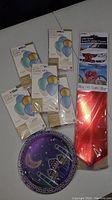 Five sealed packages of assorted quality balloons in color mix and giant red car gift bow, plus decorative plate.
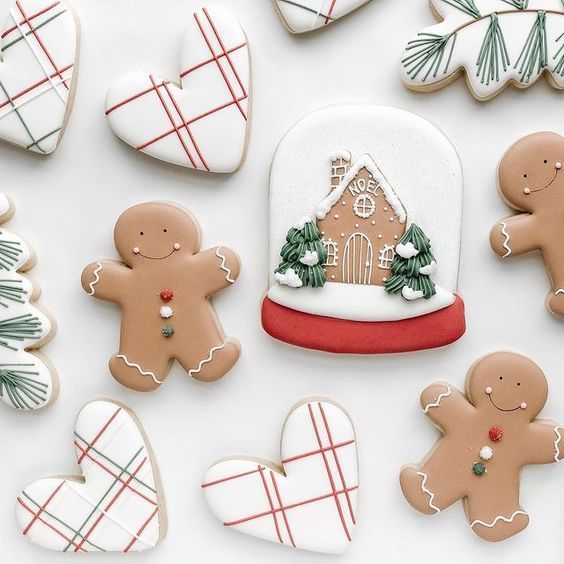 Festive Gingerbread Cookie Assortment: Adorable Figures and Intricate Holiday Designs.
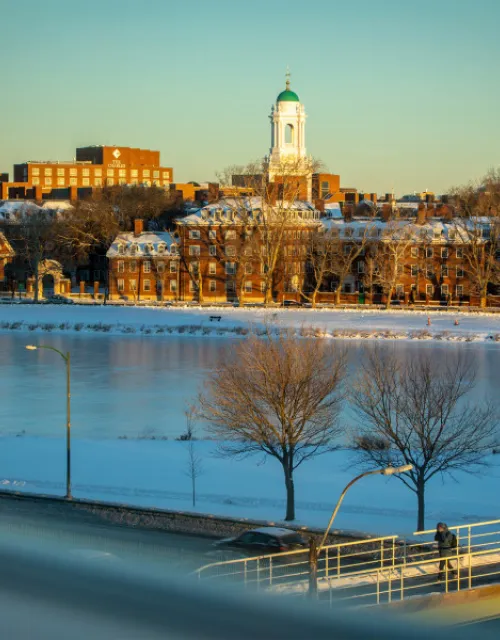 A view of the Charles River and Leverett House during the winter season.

YOUR TASK:
All lines above are to be restated word for word, with pictures excluded.

COMPLETED TASK:
 Five sealed packages of assorted quality balloons in color mix and giant red car gift bow, plus decorative plate.
 Festive Gingerbread Cookie Assortment: Adorable Figures and Intricate Holiday Designs.
 A view of the Charles River and Leverett House during the winter season.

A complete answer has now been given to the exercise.